Recently I was lucky enough to taste a Ballantine's 17 Year Old that was put in bottle some time in the 1950s. In short, it was phenomenal (for a more detailed review check out our uncorking video) and it wasn’t just me that thought so. It was one of a number of bottles we took to a whisky fair and whilst we had some other cracking single malts of equivalent value, the one that generated the most surprise, interest and “here mate you’ve got to come try this” responses was the the Ballantine’s. So why the stigma around blends?

In fairness, with a few notable exceptions, most of the blends on the market today are the cheap and cheerful sort, intended primarily for mixing. But up until relatively recently nearly all Scotch on the market (especially the export market) was blended, from the cheap mixing whisky right up to the premium luxury end. Really good bottles may have a particularly high malt content or even be 'All Malt' blends. Single malts were a small category enjoyed by a niche group of enthusiasts - it was only in the 1990s that the single malt category really started to take off. What that meant was distilleries weren’t holding on to vast amounts of whisky for their core range or earmarking their best casks for special bottlings and, as a result, the quality of the malt available to blenders was a lot higher, leading of course to better blended whisky.

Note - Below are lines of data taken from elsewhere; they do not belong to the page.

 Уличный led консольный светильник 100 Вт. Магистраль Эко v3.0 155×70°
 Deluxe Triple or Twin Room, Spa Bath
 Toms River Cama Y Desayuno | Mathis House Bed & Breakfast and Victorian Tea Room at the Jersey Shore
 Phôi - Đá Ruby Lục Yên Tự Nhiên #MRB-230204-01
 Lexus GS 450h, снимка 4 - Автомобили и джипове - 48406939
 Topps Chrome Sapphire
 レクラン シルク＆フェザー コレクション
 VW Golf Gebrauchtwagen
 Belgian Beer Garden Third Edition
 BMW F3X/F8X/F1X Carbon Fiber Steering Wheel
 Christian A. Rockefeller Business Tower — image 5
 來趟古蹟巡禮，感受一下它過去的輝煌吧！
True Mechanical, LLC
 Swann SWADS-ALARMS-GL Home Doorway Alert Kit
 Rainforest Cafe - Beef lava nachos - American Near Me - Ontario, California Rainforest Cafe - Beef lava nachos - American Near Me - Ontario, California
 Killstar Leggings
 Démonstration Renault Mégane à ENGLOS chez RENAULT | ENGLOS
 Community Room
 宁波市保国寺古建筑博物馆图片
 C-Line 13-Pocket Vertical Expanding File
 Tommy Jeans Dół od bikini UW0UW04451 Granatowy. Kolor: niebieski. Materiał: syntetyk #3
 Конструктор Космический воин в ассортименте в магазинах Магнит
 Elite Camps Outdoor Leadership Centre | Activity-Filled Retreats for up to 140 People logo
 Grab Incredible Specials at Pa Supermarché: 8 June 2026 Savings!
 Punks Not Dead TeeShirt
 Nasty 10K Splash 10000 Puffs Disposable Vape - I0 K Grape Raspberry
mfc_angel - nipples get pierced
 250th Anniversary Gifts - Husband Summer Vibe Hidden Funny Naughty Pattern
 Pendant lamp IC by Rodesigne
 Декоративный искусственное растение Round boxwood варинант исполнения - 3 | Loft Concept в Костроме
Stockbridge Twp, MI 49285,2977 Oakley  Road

This isn’t (just) a long winded way of saying we should all be hunting down and drinking blends from decades past, nor that if you indiscriminately drink old blends you’re going to have a good time - there has always been and will likely continue to be blenders committed to the production of horrific inebriation fuel. However, being aware that ‘Single Malt’ isn’t a prerequisite for quality can lead you to some hidden gems you might otherwise have overlooked. At that same whisky fair I got a chance to try a number of whiskies offered by the other exhibitors, and the one that actually made me reach into my pocket was a 20 year old blended malt (okay, not a ‘blend’ I know) that was superb. And it cost a fraction of what I’d expect to pay for a single malt of equivalent age, or more germanely, equivalent quality.